I ran an experiment on mturk here, and then I decided that I made a mistake here. I reran the experiment, and here are the results from that (note that only 90 people did it before the HIT expired).
The results were similar, but not quite as good. The most common answer was again 50%, followed by three-way tie between 100%, 75% and 70%. If we restrict ourselves to just people who guessed that the most common answer would be 50%, then the most common answer is again 50%, followed by a three-way tie between 67%, 33% and 20%. This result isn't as nice as before, where the next most common answer was just 66%. However, both 67% and 33% are more reasonable than 100% or 75%. I'm not sure where 20% is coming from.
I also ran an experiment with the same idea, but a different brain teaser:
Imagine you have 9 identical looking balls, and a weighing scale. All the balls weigh the same except one, which is heavier.
How many weighings on the scale do you need in order to identify the heavier ball?

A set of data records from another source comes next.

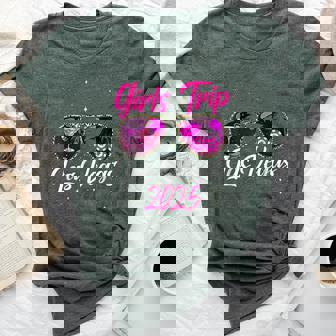 Girls Trip Las Vegas 2025 Nevada Vacation Birthday Trip Bella Canvas T-shirt - Thegiftio UK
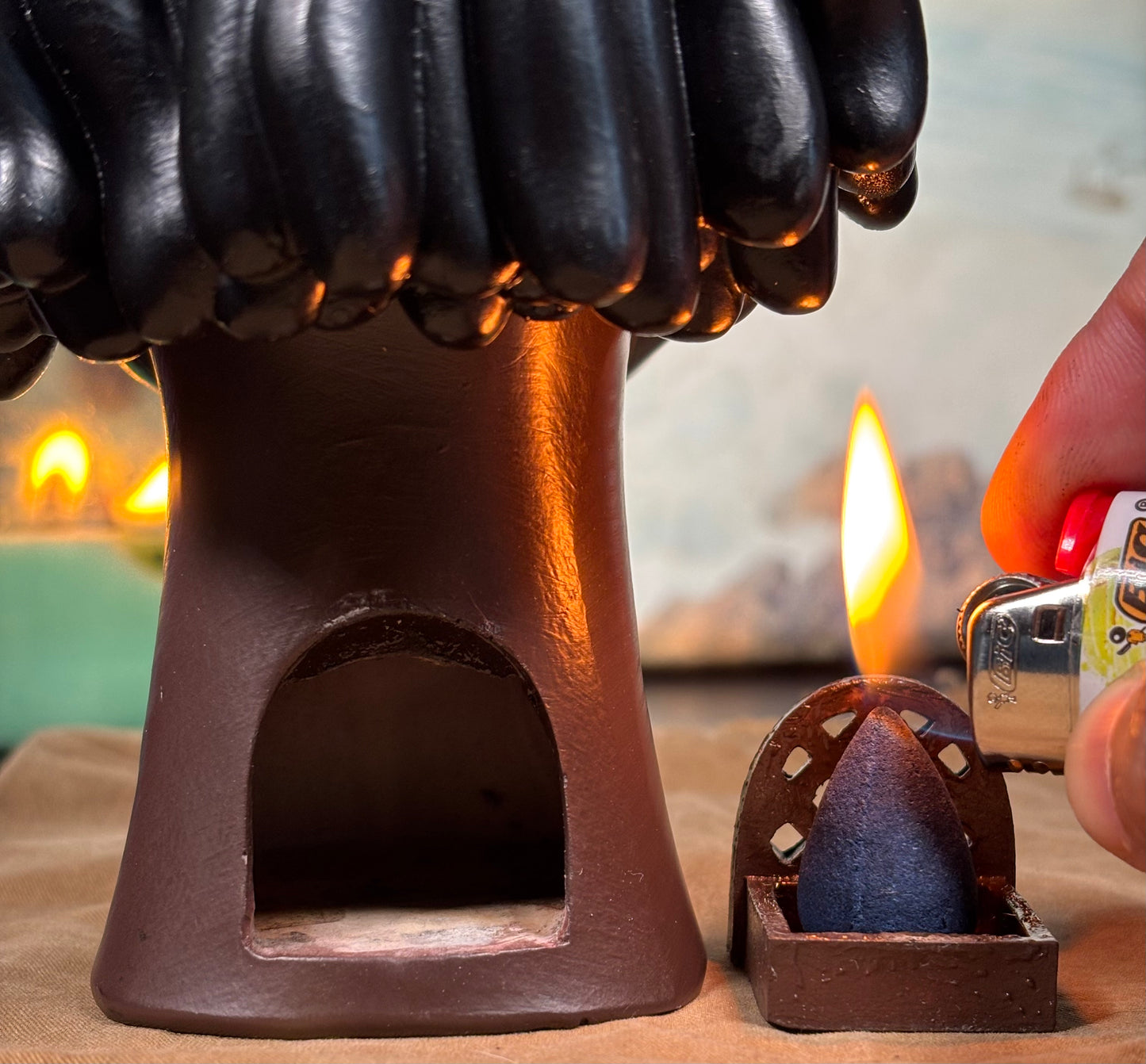 Reggie Incense Burner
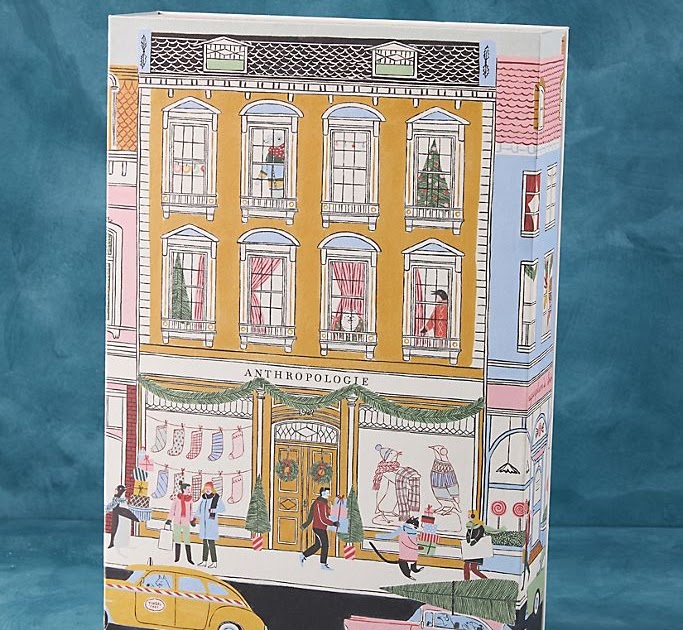 Anthropologie Beauty Advent Calendar 2020 The Best Of US Beauty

What answer do you think most other people will give?
The results from this are here. Note that only 64 people did the HIT before it expired. Also note that there was more variance in how people answered: some people added words, and some of the answers appear to be percentages rather than numbers. The most common answers were 3 and 4 with 19% and 17% respectively. If we restrict ourselves to people who guessed that the most common answer would be 3 or 4, then all the answer are 3 and 4, except one person who answered 8. Only 3 people gave the correct answer of 2, but two of these people guessed that most people would answer 2, and one of these people guessed that most people would answer 1 -- which seems sketchy to me.
So, I'm less confident in this technique. I still think there may be some clever way to get turkers to reason through difficult brain teasers -- maybe it would help to ask people why they gave the answer they did, and have other people rate those bits of reasoning?